::: SOURCE INFORMATION :::
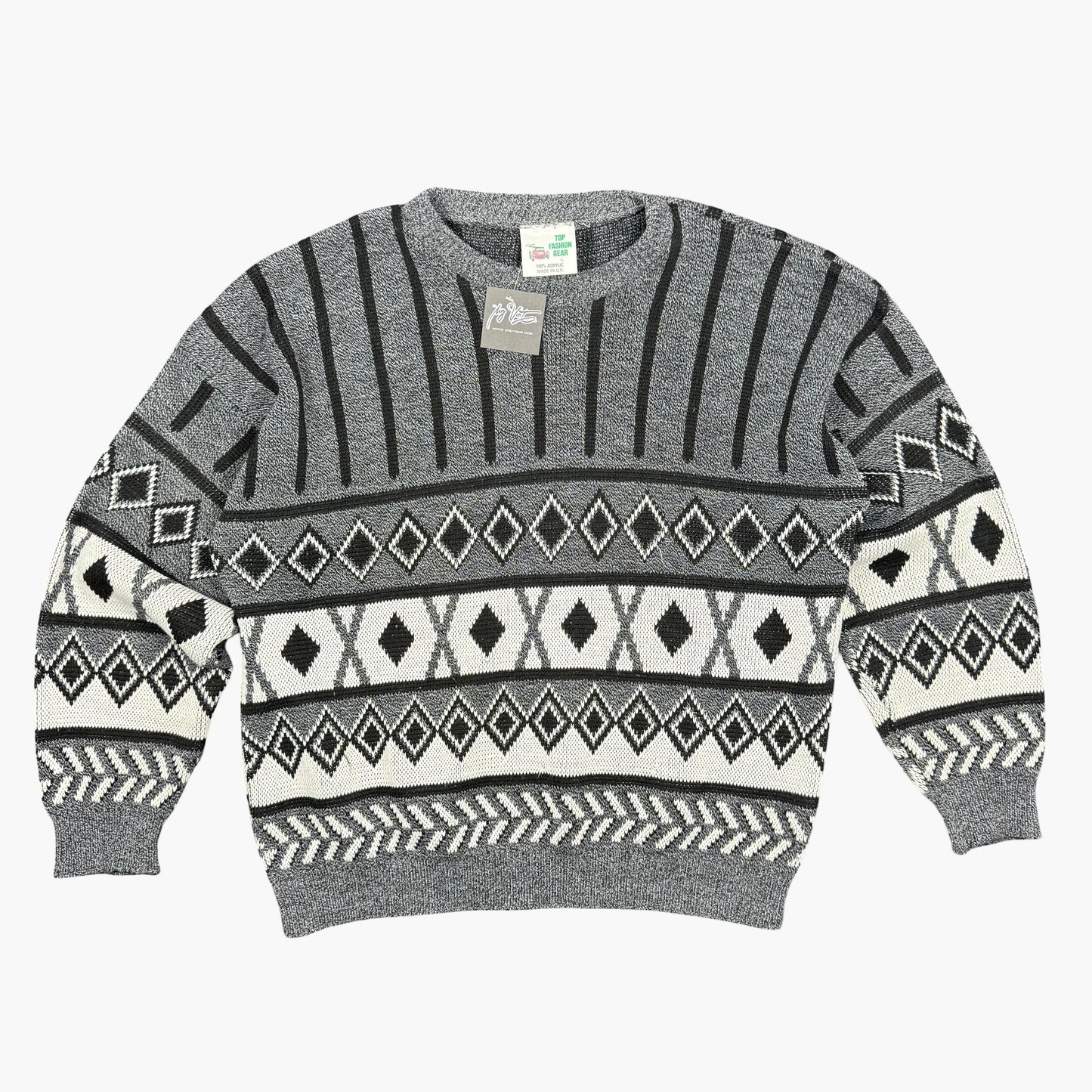 Vintage Top Fashion Gear Crewneck Sweater | L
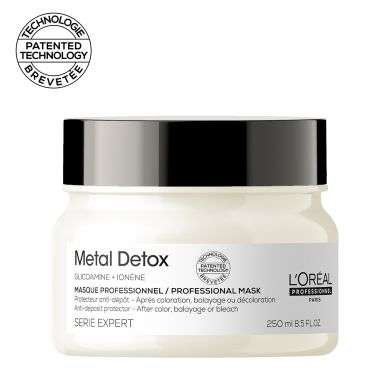 L'OREAL PROFESSIONNEL METAL DETOX MASQUE PROFESSIONNELLE 250 ML prix Maroc
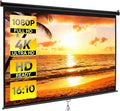 100 in 16:10 HD Pull-Down Projection Screen - Portable Wrinkle-Free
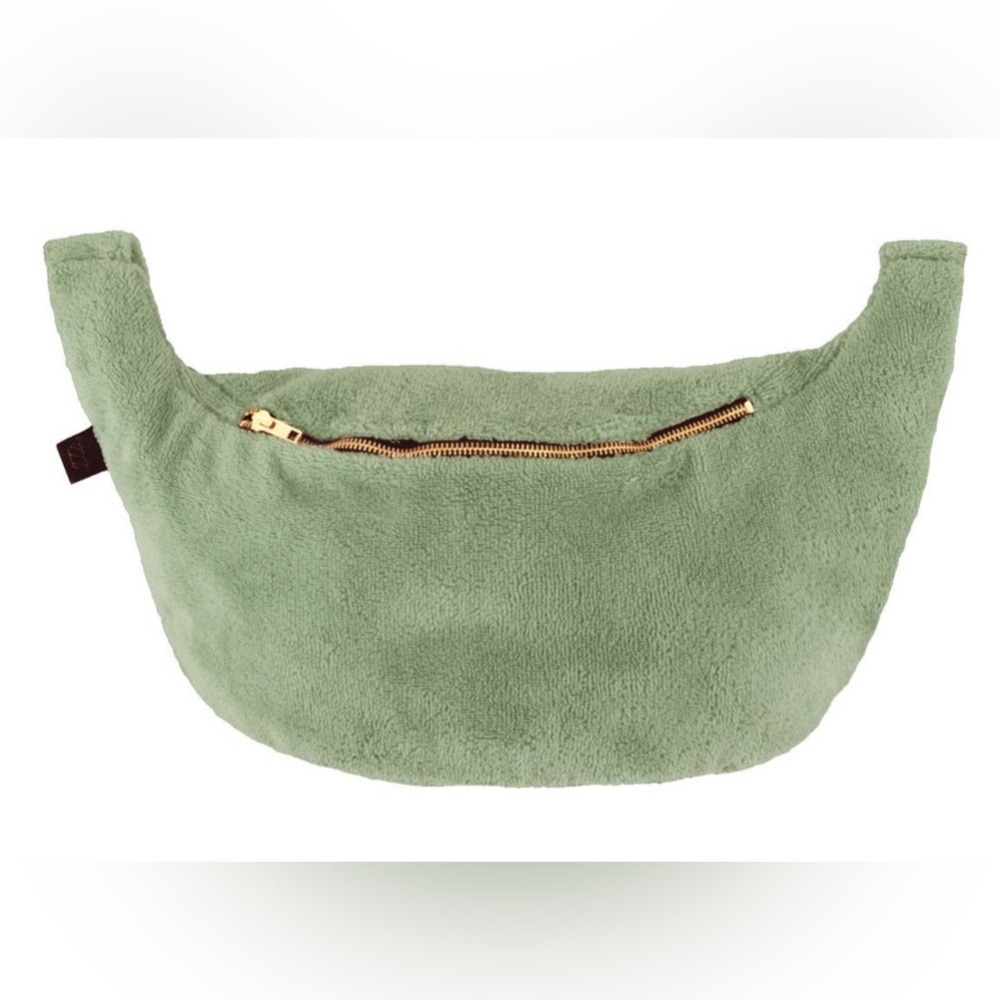 Haomy Banana St Tropez Sling Bag‎ Light Green Terry Cloth Crossbody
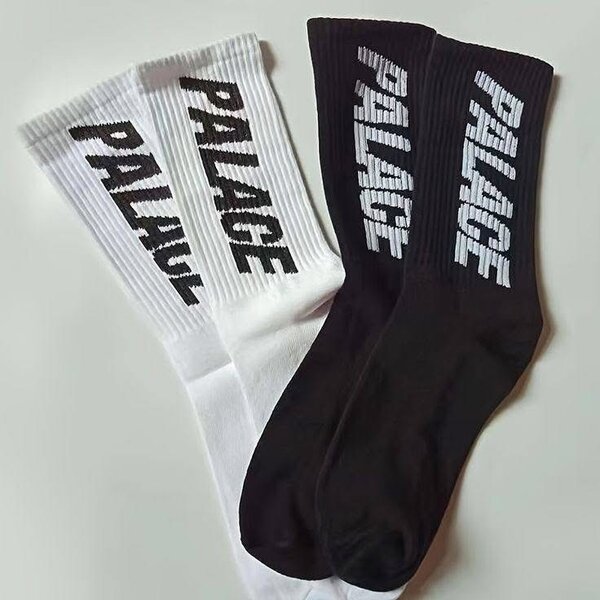 Chaussettes tendance bicolores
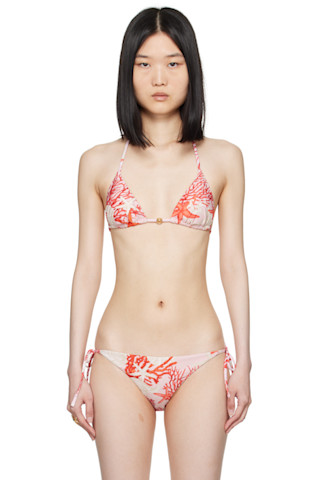 VERSACE ピンク 水玉模様 ビキニ M 242653F105020_1.jpg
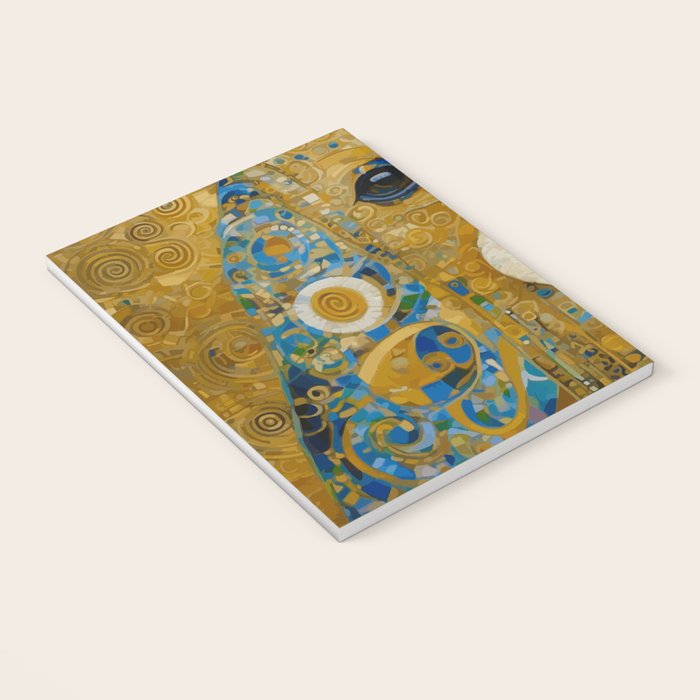 Klimt Dog with Brown Eyes Notebook Gallery Image 3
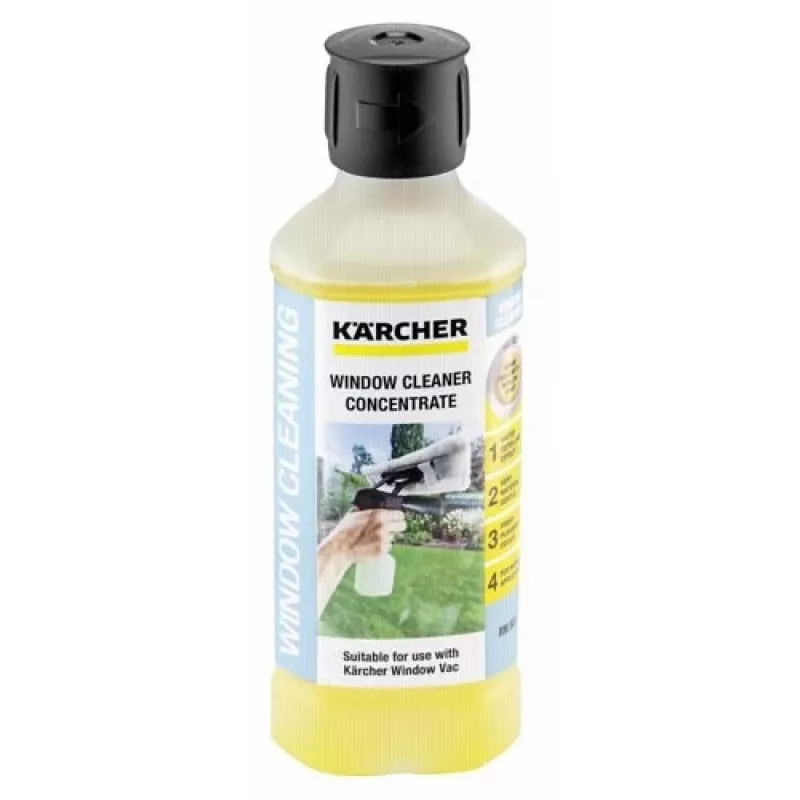Purškimo buteliukas Kärcher RM 503 500 ml — stiklų valiklis, 500 ml, purškimo dozatorius, nepaliekantis dryžių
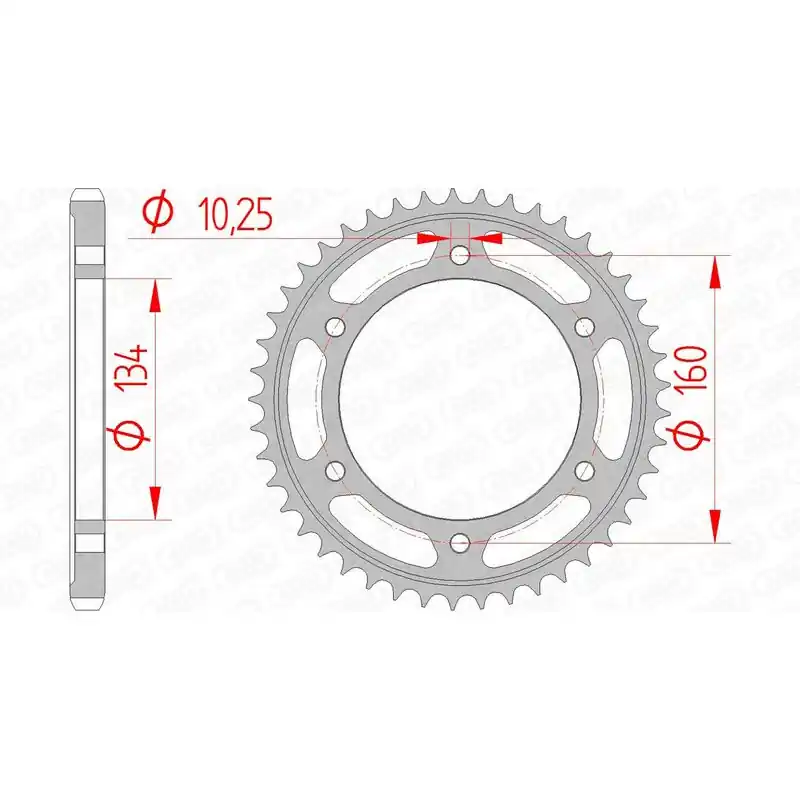 Offre Spéciale Couronne AFAM acier standard 10617 - 525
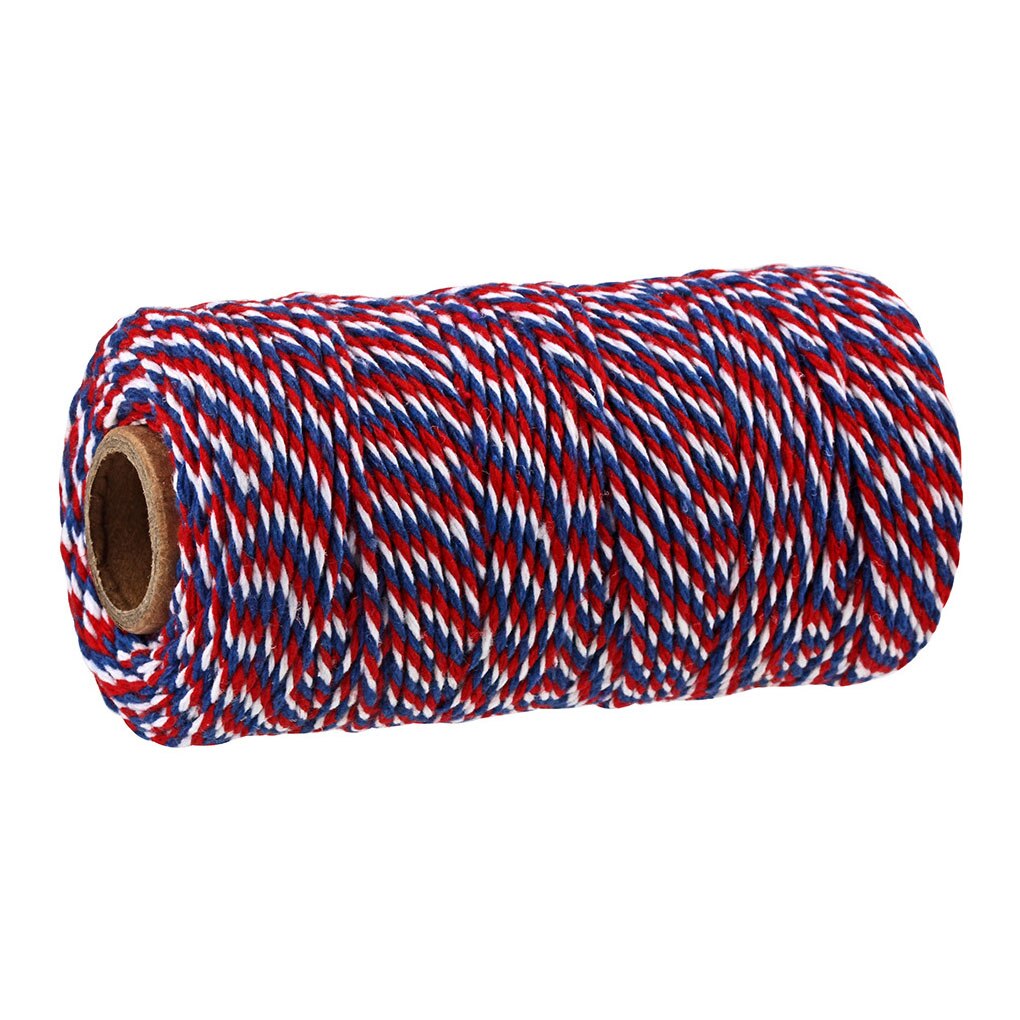 100 mètre 2mm coton boulangers ficelle ficelle coton cordons corde pour décor à la maison à la main noël emballage artisanat bricolage emballage: 15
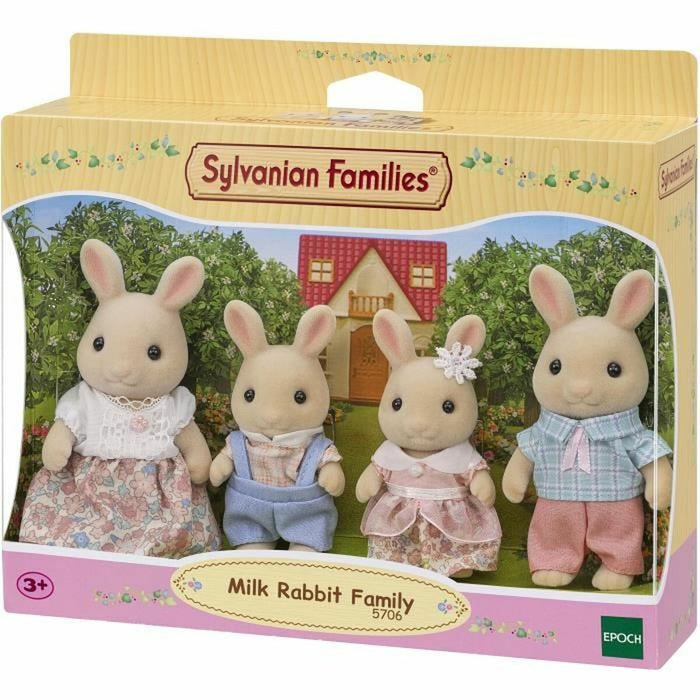 Figură Sylvanian Families 5706 Iepure Familie 4 Piese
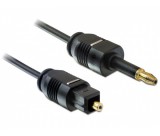 DELOCK Cable Toslink Standard male - Toslink mini 3.5mm male 2m (82876)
:::
* **PROBLEM STATEMENT**
Please copy exactly, and only, the lines from the one that contains "VERSACE ピンク 水玉模様 ビキニ M 242653F105020_1.jpg" through the last line of the data above, omitting all pictures.

* **SOLUTION BELOW**
 VERSACE ピンク 水玉模様 ビキニ M 242653F105020_1.jpg
 Klimt Dog with Brown Eyes Notebook Gallery Image 3
Purškimo buteliukas Kärcher RM 503 500 ml — stiklų valiklis, 500 ml, purškimo dozatorius, nepaliekantis dryžių
 Offre Spéciale Couronne AFAM acier standard 10617 - 525
 100 mètre 2mm coton boulangers ficelle ficelle coton cordons corde pour décor à la maison à la main noël emballage artisanat bricolage emballage: 15
 Figură Sylvanian Families 5706 Iepure Familie 4 Piese
 DELOCK Cable Toslink Standard male - Toslink mini 3.5mm male 2m (82876)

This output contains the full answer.